*What to produce:*
Reproduce exactly, with no other output, every line of the data below from the line containing "(cute ant smiling" to the end, inclusive.

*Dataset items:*
- - -
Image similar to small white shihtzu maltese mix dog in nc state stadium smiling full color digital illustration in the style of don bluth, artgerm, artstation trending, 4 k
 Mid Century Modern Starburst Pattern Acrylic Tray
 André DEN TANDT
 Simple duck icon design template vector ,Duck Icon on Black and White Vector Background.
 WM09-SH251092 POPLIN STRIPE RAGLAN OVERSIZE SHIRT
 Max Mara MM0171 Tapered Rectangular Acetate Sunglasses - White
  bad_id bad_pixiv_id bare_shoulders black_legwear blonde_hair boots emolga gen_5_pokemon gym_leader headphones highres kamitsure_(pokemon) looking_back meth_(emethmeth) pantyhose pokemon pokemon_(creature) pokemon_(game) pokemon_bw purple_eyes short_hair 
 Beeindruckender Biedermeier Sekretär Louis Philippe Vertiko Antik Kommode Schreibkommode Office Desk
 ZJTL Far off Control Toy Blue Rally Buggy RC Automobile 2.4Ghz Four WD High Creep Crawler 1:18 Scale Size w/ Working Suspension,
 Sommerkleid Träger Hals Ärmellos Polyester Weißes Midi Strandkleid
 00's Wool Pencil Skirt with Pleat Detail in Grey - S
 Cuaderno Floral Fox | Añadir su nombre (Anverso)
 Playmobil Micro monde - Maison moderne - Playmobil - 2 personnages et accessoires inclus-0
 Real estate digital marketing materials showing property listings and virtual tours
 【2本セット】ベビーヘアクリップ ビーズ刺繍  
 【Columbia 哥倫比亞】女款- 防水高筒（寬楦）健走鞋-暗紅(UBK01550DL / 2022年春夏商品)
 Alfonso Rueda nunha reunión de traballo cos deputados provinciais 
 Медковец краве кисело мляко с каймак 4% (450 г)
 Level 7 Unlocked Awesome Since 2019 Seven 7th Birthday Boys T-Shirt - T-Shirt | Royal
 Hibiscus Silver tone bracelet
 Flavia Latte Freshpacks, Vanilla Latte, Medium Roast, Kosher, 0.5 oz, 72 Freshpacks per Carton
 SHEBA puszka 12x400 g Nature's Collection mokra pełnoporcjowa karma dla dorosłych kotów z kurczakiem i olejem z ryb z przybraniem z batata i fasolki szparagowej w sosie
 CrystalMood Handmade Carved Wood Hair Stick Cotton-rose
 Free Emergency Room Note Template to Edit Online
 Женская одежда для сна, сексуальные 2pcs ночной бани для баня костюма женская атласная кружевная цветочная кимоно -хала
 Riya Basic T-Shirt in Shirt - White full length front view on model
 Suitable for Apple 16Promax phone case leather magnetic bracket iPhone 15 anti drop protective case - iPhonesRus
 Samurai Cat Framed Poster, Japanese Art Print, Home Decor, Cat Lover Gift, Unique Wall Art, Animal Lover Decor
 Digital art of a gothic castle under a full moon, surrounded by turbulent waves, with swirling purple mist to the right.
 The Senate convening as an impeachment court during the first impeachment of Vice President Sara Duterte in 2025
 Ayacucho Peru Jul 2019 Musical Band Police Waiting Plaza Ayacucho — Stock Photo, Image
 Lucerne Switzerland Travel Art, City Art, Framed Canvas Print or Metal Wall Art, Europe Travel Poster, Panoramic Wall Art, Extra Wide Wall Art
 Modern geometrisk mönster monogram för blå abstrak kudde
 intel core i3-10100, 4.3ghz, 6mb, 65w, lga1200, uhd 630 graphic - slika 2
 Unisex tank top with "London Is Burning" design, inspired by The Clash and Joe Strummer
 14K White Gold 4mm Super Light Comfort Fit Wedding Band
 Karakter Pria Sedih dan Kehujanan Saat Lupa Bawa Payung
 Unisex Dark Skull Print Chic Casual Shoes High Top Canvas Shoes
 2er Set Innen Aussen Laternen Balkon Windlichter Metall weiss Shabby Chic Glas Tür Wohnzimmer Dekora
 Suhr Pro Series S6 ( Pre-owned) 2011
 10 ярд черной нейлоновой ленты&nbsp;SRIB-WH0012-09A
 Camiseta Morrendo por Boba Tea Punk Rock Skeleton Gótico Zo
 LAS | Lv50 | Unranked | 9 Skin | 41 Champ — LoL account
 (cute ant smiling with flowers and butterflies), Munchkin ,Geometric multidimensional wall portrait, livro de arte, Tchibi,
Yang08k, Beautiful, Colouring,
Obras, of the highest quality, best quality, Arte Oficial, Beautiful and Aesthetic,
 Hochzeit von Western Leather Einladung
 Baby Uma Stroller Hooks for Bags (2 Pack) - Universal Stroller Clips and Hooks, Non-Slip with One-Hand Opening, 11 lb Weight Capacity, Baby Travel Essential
- - -
*Written reply:*
 (cute ant smiling with flowers and butterflies), Munchkin ,Geometric multidimensional wall portrait, livro de arte, Tchibi,
Yang08k, Beautiful, Colouring,
Obras, of the highest quality, best quality, Arte Oficial, Beautiful and Aesthetic,
 Hochzeit von Western Leather Einladung
 Baby Uma Stroller Hooks for Bags (2 Pack) - Universal Stroller Clips and Hooks, Non-Slip with One-Hand Opening, 11 lb Weight Capacity, Baby Travel Essential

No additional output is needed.